Running An Analysis Of Variance on Gapminder Data

In this post I run an analysis of variance (ANOVA) on the Gapminder dataset. Because the Gapminder data contains mainly continous values and not categorical ones, I had to create categorical values using the “qcut” function from Python’s Pandas library.

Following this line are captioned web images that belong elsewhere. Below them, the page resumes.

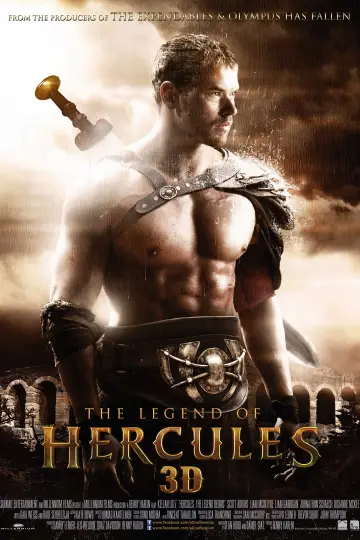 Plakat do filmu "Legenda Herkulesa" #885098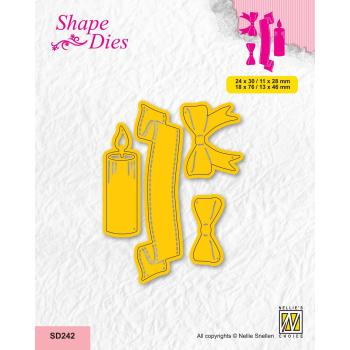 Nellie Snellen - Shape Dies - " Candles " - Stanze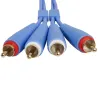 UDG U97003LB Ultimate Audio Cable RCA - RCA Μπλε Ίσιο 3m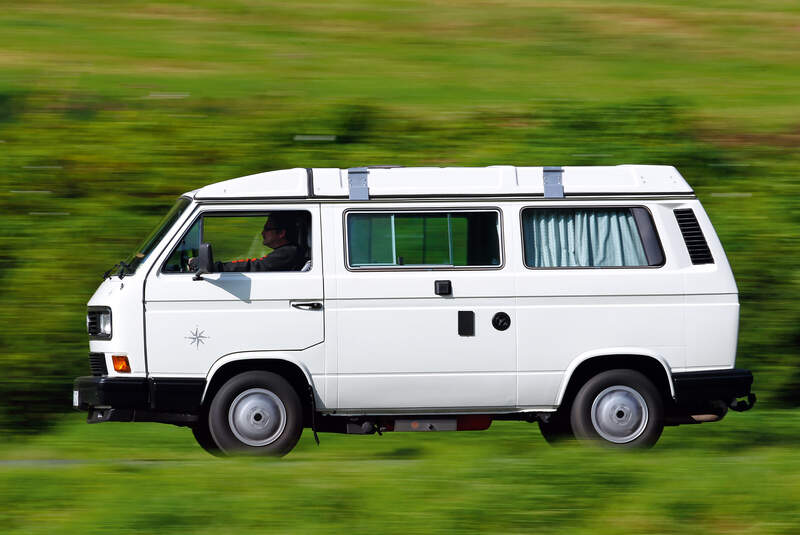 VW Bus T3, Seitenansicht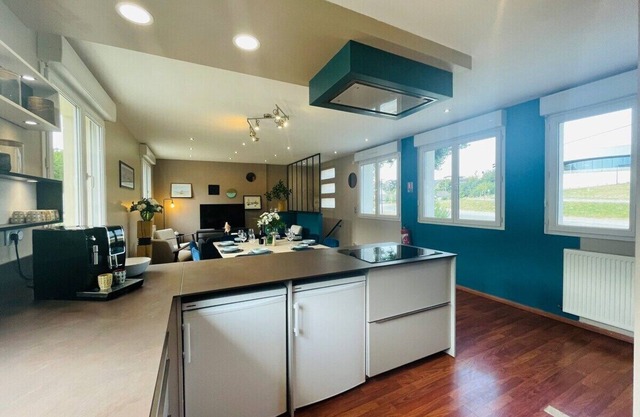 Casa Belle Rive - 4 rooms - Facing the river Maine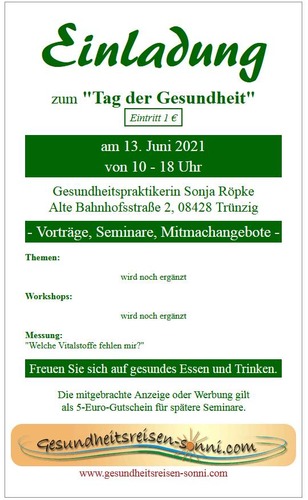 Tag der Gesundheit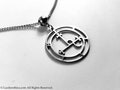Sigil Of Lilith Stainless Steel Pendant (2 Size Options) - Demonolatry Demonic Naamah Agrat Bat Mahlat Lilith Lillith demonolatry gift product logo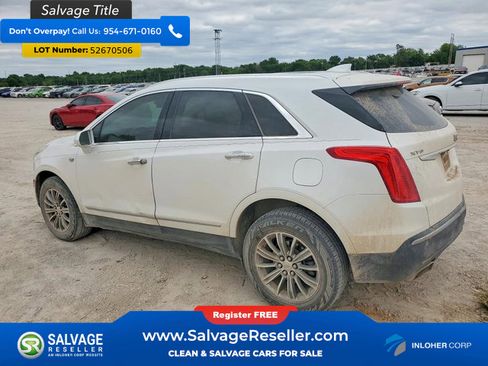 Used 2017 Cadillac XT5 Luxury FWD image 3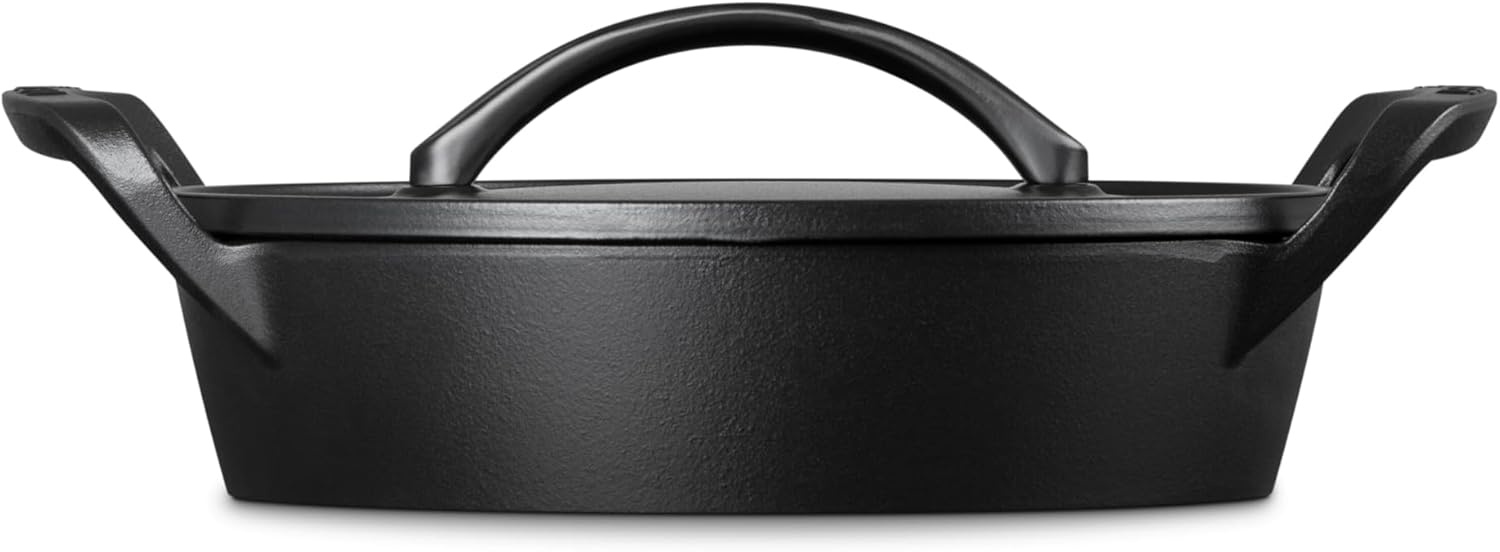 image:imageLe Creuset Alpine Outdoor Collection Enameled Cast Iron Pizza Pan 15Utility Pan
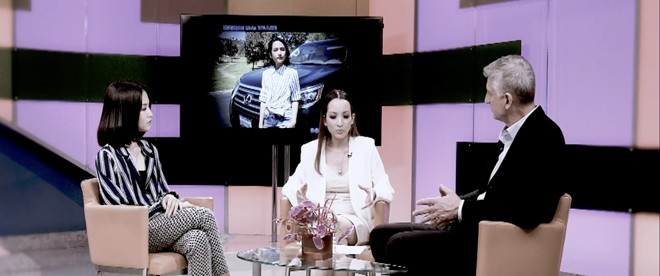 'Bên trong đời sống yên bình' có gì? Linh Nga và con gái Anna Linh Nguyễn trong Talk-show với giáo sư, đạo diễn Hollywood Roy Finch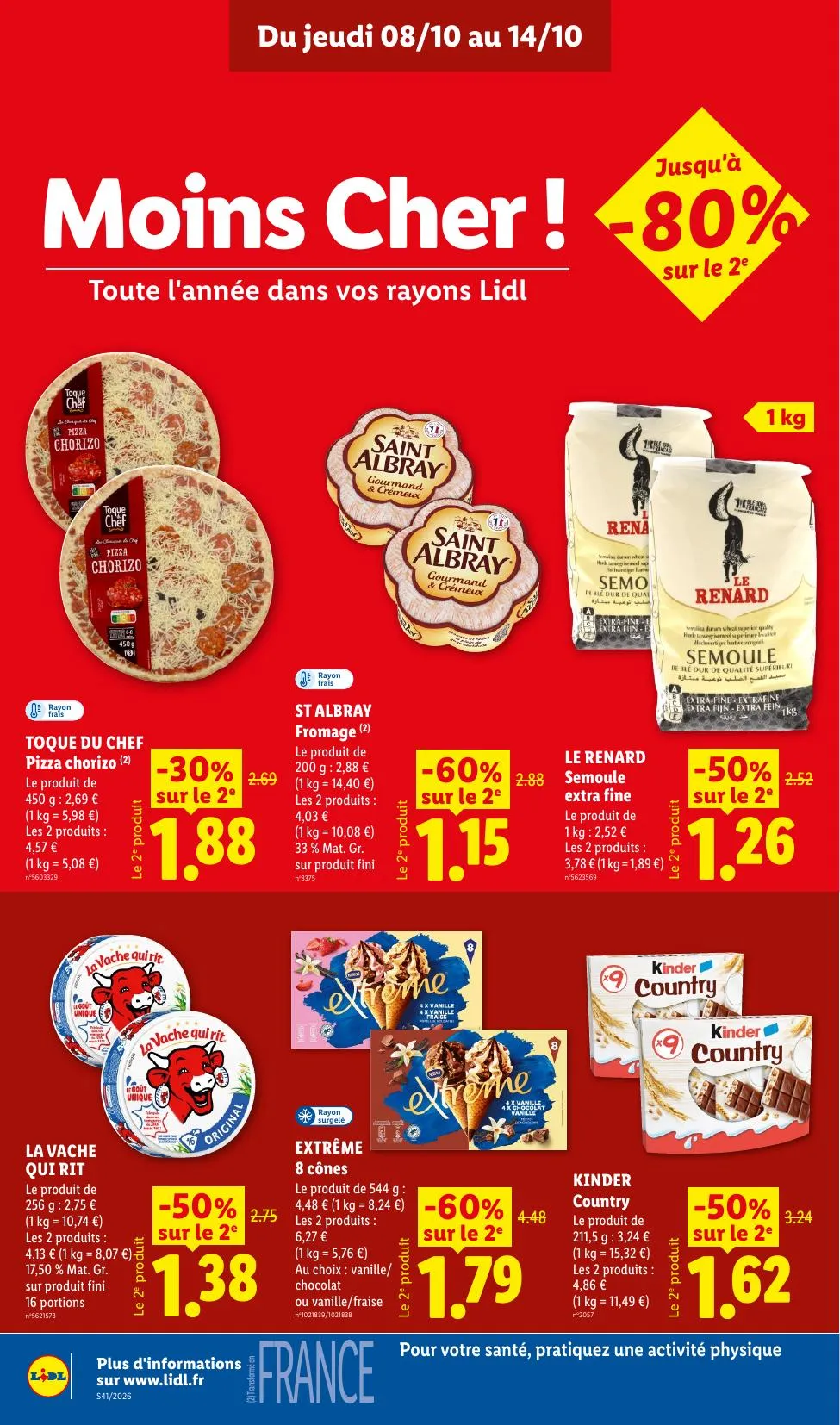 Catalogue Lidl · du 1 octobre 2026 au 14 octobre 2026 — page 18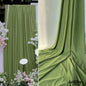 Stretch Knit Jersey Fabric Good Draping Cloth for Wedding Decor, Party Backdrops, Curtains,Photography Background Wide 170cm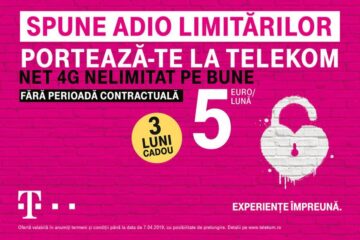 Telekom: Despărțirea este noua lipeală!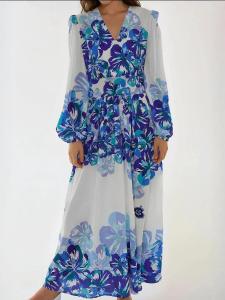 Платье Hiccup, Azure/Cyan Blue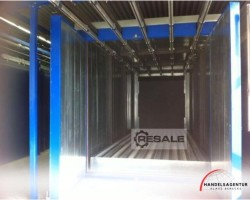 Maschine: HANDELSAGENTUR BENECKE  Pulverbeschichtungsanlagen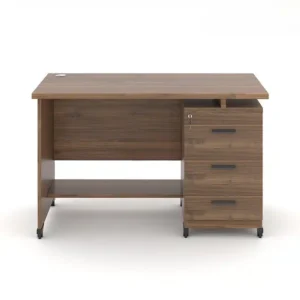 Bàn làm việc 1m2 hộc liền-B110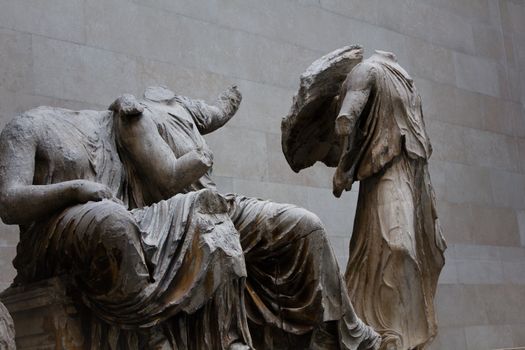 Statues from Greek Mythology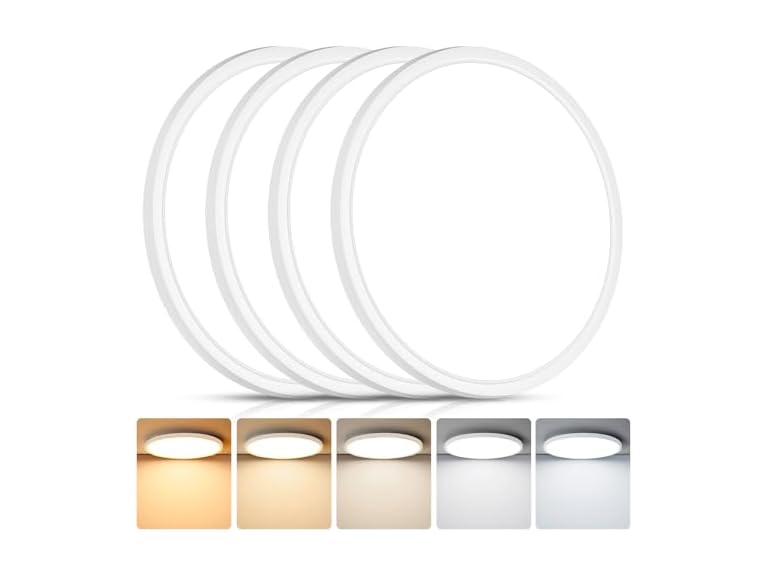 Brightever LED Flush Mount Ceiling Light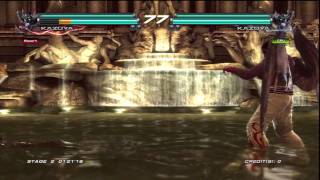Tekken Hybrid Gameplay Part-1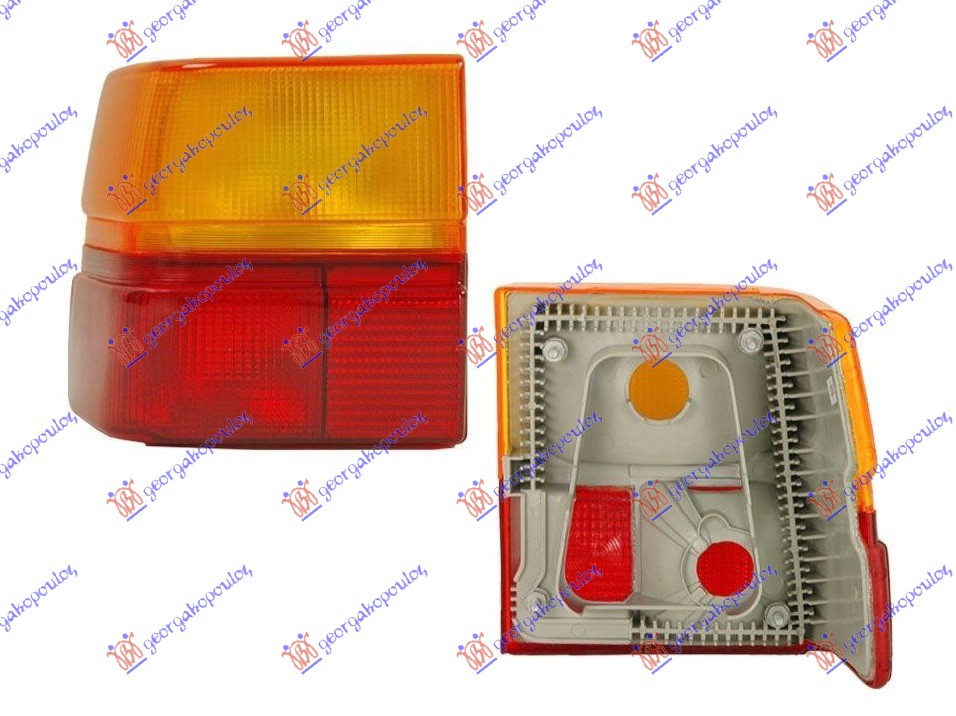 Stop lampa spoljašnja L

Let’s take a look at the code used to load, preprocess, and bin the data.

import statsmodels.formula.api as smf
import statsmodels.stats.multicomp as multi
import pandas as pd

# check for missing data
def check_missing(dataframe, cols):

    for col in cols:
       print("Column {} is missing:".format(col))
       print((dataframe[col].values == ' ').sum())
       print()

# convert to numeric
def to_numeric(dataframe, cols):

    for col in cols:
        dataframe[col] = dataframe[col].convert_objects(convert_numeric=True)

# check frequency distribution
def freq_dist(dataframe, cols, norm_cols):

    for col in cols:
        print("Fred dist for: {}".format(col))
        count = dataframe[col].value_counts(sort=False, dropna=False)
        print(count)

    for col in norm_cols:
        print("Fred dist for: {}".format(col))
        count = dataframe[col].value_counts(sort=False, dropna=False, normalize=True)
        print(count)


df = pd.read_csv("gapminder.csv")

#print(dataframe.head())
#print(df.isnull().values.any())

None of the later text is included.